D’après la Commission de régulation de l’énergie (CRE), une interconnexion électrique est « une ligne de transport qui traverse ou enjambe une frontière entre des États membres et qui relie les réseaux de transport nationaux des États membres de l’Union européenne. ». Cette définition, stricte et explicite, peut, selon l’usage, être élargie, d’une part, aux liaisons reliant les pays de l’Union européenne à la Grande-Bretagne, et d’autre part, aux parcs éoliens maritimes qui se multiplient depuis quelques années.
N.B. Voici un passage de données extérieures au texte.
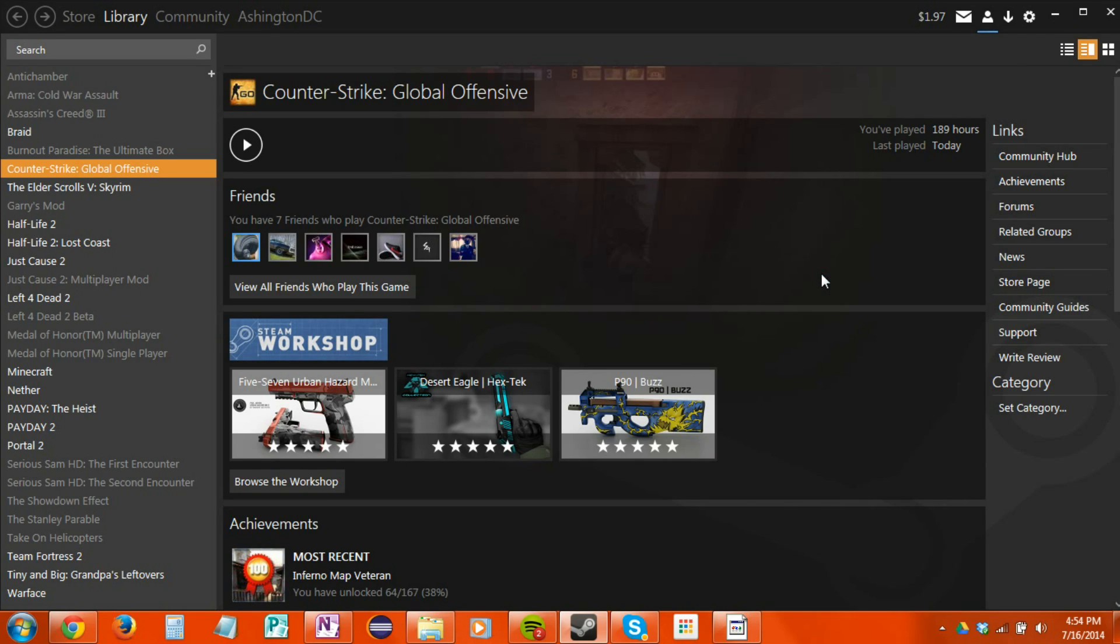Hi there, my name is Ashington DC and this is a tutorial on how to install a Steam skin to personalize your Steam client. In this video I'll be showing you a website where you can download skins, where to place the skin, and how to pick and choose the skin and set it as your theme.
Sécuriser et réguler la production des interconnexions
« Les interconnexions sont conçues pour donner aux États les moyens de sécuriser et de réguler leur production électrique », résume Jawdat Mansour, Directeur de l’activité Haute Tension pour l’Europe du Sud chez Prysmian. « Outil de modernisation, d’optimisation et de renforcement des réseaux, elles offrent aux opérateurs une plus grande flexibilité dans la gestion des flux afin de garantir, à tout instant, l’équilibre entre la demande et l’offre électrique », ajoute Jules Nyssen, Président du Syndicat des Énergies Renouvelables (SER).
En ce sens, les interconnexions permettent d’adapter la production à la demande en s’appuyant sur la solidarité entre États alliés, comme nous avons pu le constater lorsque, en raison de la maintenance prolongée de la majorité du parc nucléaire français, notre pays est devenu, exceptionnellement, importateur d’électricité. « À terme, grâce aux interconnexions, la France a la garantie d’être un exportateur net d’électricité », précise Jules Nyssen.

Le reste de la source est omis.